The Catholic Church has long emphasized traditional binary views of gender. But in many places, both present and past, individuals have been able to push back against gender norms. Even in the ancient Roman Empire, individuals could transgress traditional conceptions of gender roles in various ways. While Roman notions of femininity and masculinity were strict as regards clothing, for instance, there is evidence to suggest that individuals could and did breach these norms, although they were likely to be met with ridicule or scorn.

As a scholar of Greek and Latin literature, I have studied the “Galli,” male followers of the goddess Cybele. Their appearance and behaviors, often considered feminine, were commented on extensively by Roman authors: They were said to curl their hair, smooth their legs with pumice stones and wear fine clothing. They also, but not always, surgically removed their testicles.

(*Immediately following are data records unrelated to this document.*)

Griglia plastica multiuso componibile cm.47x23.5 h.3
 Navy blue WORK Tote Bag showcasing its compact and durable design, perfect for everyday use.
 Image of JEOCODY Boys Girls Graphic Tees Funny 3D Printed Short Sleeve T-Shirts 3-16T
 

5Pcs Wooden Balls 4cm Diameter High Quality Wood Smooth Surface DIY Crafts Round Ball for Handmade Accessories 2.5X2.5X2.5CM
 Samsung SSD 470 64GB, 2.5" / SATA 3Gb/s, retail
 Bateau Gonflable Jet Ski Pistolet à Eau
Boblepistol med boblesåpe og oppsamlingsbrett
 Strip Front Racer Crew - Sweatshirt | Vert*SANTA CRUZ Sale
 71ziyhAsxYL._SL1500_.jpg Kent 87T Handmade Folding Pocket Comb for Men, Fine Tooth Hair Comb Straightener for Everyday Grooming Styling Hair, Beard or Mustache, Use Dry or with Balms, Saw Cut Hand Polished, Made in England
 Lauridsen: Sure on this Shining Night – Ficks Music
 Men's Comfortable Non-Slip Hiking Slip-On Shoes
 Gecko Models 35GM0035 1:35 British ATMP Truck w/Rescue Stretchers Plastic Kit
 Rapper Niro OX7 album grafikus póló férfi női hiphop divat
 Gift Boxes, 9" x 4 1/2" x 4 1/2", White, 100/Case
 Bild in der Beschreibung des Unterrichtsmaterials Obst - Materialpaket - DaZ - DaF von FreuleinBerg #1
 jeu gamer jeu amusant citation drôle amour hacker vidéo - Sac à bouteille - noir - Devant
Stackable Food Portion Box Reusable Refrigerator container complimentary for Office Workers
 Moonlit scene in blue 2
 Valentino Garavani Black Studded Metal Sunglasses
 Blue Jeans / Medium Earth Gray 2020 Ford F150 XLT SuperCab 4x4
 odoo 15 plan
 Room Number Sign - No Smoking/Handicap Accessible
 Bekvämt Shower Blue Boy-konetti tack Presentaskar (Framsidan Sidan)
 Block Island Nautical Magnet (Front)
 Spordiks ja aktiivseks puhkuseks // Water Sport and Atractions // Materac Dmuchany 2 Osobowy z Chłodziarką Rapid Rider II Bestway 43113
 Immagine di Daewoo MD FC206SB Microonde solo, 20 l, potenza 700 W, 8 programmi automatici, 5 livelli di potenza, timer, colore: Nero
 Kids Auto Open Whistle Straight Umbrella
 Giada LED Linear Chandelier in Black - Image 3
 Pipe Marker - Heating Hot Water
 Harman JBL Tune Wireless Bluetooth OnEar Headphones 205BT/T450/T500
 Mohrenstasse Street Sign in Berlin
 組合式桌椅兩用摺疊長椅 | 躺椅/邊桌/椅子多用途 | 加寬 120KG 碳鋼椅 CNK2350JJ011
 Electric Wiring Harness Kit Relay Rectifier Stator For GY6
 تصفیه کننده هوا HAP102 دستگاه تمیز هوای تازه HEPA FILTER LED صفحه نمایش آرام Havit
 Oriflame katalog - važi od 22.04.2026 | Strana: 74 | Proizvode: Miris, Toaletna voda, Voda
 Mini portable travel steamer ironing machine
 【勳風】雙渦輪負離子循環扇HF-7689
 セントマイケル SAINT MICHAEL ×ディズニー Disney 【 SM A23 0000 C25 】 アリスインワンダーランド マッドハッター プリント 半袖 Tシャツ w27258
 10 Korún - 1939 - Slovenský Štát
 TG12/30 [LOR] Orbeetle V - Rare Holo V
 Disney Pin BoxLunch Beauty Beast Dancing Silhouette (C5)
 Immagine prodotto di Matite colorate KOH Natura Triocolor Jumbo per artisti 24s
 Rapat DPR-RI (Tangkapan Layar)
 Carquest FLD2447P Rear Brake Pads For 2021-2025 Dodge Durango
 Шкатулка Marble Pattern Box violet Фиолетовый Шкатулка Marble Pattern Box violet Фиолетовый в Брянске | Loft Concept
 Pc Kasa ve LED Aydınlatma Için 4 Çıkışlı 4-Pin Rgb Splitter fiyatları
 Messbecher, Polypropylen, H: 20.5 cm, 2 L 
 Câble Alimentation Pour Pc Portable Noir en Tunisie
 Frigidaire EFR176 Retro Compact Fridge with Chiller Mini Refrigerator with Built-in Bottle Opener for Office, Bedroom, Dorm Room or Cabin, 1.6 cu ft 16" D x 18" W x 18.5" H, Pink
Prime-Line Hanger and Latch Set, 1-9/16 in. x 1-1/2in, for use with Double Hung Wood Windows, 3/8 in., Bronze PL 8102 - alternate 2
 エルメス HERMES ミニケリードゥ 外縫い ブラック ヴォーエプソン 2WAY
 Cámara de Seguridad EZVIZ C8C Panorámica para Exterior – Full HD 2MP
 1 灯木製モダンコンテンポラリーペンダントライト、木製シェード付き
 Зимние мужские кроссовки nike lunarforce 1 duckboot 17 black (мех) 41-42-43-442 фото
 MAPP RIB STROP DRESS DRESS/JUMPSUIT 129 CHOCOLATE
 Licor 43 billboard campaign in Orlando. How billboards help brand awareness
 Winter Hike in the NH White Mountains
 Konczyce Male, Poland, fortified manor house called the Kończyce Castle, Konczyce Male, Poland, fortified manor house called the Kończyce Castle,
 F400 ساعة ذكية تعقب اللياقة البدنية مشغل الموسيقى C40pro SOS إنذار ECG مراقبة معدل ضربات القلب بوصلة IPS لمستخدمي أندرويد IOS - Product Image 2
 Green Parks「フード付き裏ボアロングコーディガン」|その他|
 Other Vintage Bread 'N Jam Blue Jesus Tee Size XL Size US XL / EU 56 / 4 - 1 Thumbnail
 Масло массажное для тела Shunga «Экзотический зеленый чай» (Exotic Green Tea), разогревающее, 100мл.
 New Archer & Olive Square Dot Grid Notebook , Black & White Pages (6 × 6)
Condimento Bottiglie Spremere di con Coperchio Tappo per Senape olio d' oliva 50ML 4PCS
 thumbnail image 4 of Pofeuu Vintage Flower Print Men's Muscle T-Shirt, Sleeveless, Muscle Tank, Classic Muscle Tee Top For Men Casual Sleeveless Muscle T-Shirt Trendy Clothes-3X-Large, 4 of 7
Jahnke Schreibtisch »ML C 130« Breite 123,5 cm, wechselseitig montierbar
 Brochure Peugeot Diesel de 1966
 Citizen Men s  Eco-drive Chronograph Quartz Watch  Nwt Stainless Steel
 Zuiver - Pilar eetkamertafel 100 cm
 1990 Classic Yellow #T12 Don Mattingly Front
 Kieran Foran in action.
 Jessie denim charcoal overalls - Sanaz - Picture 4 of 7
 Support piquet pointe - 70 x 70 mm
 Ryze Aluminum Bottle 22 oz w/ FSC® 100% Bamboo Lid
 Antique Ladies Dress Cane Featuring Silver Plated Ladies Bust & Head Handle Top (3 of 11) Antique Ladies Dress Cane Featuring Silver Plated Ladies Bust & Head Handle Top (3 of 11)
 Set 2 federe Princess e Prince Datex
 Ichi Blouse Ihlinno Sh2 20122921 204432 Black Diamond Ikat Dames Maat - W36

In the philosophical treatise “Hymn to the Mother of the Gods,” Julian the Philosopher, the last pagan emperor of the Roman empire, writes about the history of the cult of Cybele. In this treatise, he describes the cult’s main figures and how some of its rites were performed.

Often referred to as the Mother of the Gods, Cybele was first worshiped in Anatolia. Her most famous cult site was located at Pessinous, the modern Turkish village of Ballıhisar, about 95 miles southwest of Ankara, where Julian stopped to pay a visit on his journey to Antioch in 362 C.E.

 

Cybele was known in Greece by around 500 B.C.E. and introduced to Rome sometime between 205 and 204 B.C.E. In Rome, where she came to be recognized as the mother of the state, her worship was incorporated into the official roster of Roman cults, and her temple was built on the Palatine, the political center of Rome.

Cybele’s cult gave rise to a group of male followers, or attendants, known as Galli. Among the surviving material evidence related to their existence are sculptures, as well as a Roman burial of an individual Gallus discovered in Northern England.

A statue from Ostia, Rome’s port city, depicts a reclining Attis, Cybele’s youthful male human companion.

What is highly unusual about this statue, which is at the Vatican museum, is how the sculptor has draped the clothing to draw attention to Attis’ groin and stomach: No discernible genitalia are visible. Attis, at first sight, appears to be a woman.